Monitoring of GPU Usage⚓︎
Checking how many GPUs are available on the cluster and how many are in use⚓︎
You can use the following script to get the total number of GPUs available in the cluster and how many are currently in use:
# Get total GPUs available in the cluster
total_gpus=$(kubectl get nodes -o=jsonpath='{range .items[*]}{.status.allocatable.nvidia\.com/gpu}{"\n"}{end}' | awk '{s+=$1} END {print s}')
# Get total GPUs currently in use
used_gpus=$(kubectl get pods -A -o=jsonpath='{range .items[*]}{range .spec.containers[*]}{.resources.requests.nvidia\.com/gpu}{"\n"}{end}{end}' | awk '{s+=$1} END {print s}')
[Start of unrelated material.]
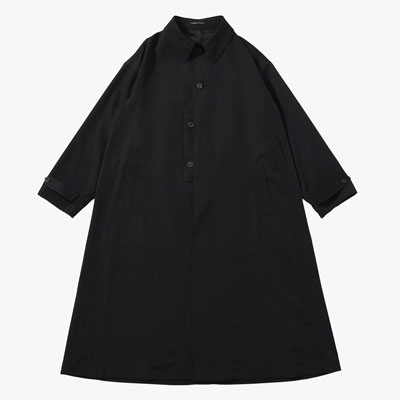 WOOL GABARDINE DESIGNED SLEEVE COAT -BLACK-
echo "Total GPUs: $total_gpus"
echo "GPUs in use: $used_gpus"
Note, that this script will only work if the pods are requesting GPUs in the
spec.containers[*].resources.requests.nvidia\.com/gpu field. If the pods are
requesting GPUs in a different field, you will need to modify the script
accordingly.
For clusters with MIG enabled, nvidia.com/gpu does not include MIG partition
resources. Check all NVIDIA allocatable resources on a node with:
kubectl describe node <node-name> | grep -E "nvidia.com/(gpu|mig)"
To list GPU and MIG resource usage by pods, use:
kubectl get pods -A -o json | jq -r '
.items[] as $pod |
$pod.spec.containers[]? as $container |
($container.resources.limits // {}) |
to_entries[] |
select(.key | startswith("nvidia.com/")) |
"\($pod.metadata.namespace)\t\($pod.metadata.name)\t\(.key)\t\(.value)"
'
Checking which pods are using GPUs and how many⚓︎
You can use the following command to print a table to see which pods, in which namespaces have requested how many GPUs (and what the status is of those pods):
kubectl get pods -A -o=custom-columns='NAMESPACE:metadata.namespace,NAME:metadata.name,STATUS:status.phase,GPUs:spec.containers[*].resources.limits.nvidia\.com/gpu' | grep -v '<none>'
GPUs column may not always be accurate.